You get dashboards, device registry, OTA, authentication, everything wired together. It saves weeks or months. You can focus on the product instead of building plumbing.

And to be clear: this is often the right decision.

The problem is not SaaS. The problem is that IoT decisions tend to stick.

Once devices are deployed, changing anything fundamental becomes difficult. Protocols, data models, and update mechanisms are not things you refactor easily. Devices are in the field, networks are unreliable, and customers already depend on the system.

What started as a shortcut becomes architecture.

So the real question is: how much control are you giving up early, and can you realistically take it back later?

This trade-off, convenience versus control, is at the core of most IoT systems.

The easy choice becomes structural

At the beginning, you need speed.

Managed platforms solve this very well. They remove friction and give you a working system on day one. Well, at least the good ones; some feel so hard to integrate that DIY can feel faster.

But they also make decisions for you:

  • Your data goes through their pipeline.
  • Your devices speak the protocols they support.
  • Your behavior at the edge, including timing, retries, payload size, and failure modes, is often constrained by what the platform and its SDK allow.

At first, you do not care. Later, you do.

A typical example: everything works fine on Wi-Fi or LTE, then you move to NB-IoT or a weak coverage environment. Suddenly, every byte matters, every retry matters, and the “simple” SDK becomes a problem you cannot really fix.

Another one: you want to change how devices behave, but the data model or command model is baked into the platform. You can work around it, but you are no longer in control.

And then there is the roadmap. Features appear, disappear, pricing changes, limits show up, products are decommissioned, or companies are acquired.
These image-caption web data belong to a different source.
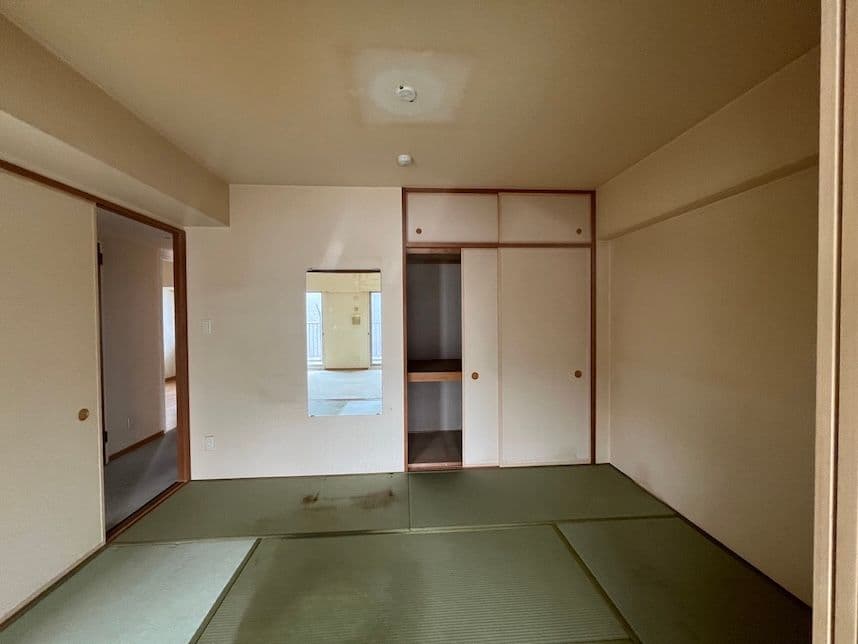 中古マンションのリノベーション前の和室
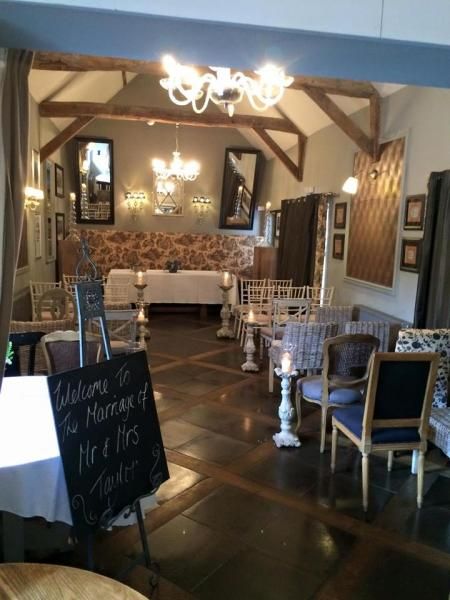 (Pub, Restaurant). Published on 04-11-2015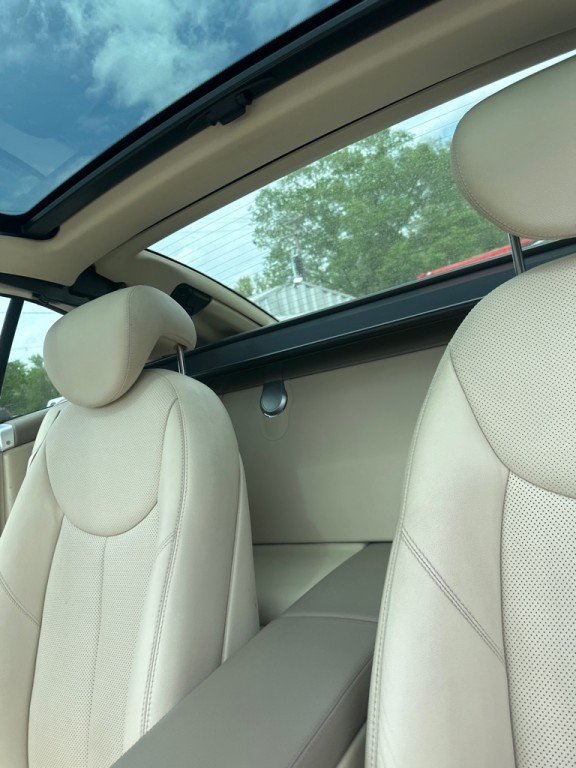 2006 Mercedes-Benz SL-Class Image 7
None of this is dramatic on its own. But it accumulates.

The alternative is not “build everything yourself from scratch.” It is to build on components you control: open protocols, open-source stacks, and a device implementation you understand.

It is more work upfront. But it keeps your options open.

That is the core of the trade-off.

Protocol choice

Protocol selection is one of those structural decisions.

If TCP is cheap, such as Wi-Fi, Ethernet, or most LTE setups, MQTT is the obvious answer. It is simple, widely supported, and works well enough for most use cases.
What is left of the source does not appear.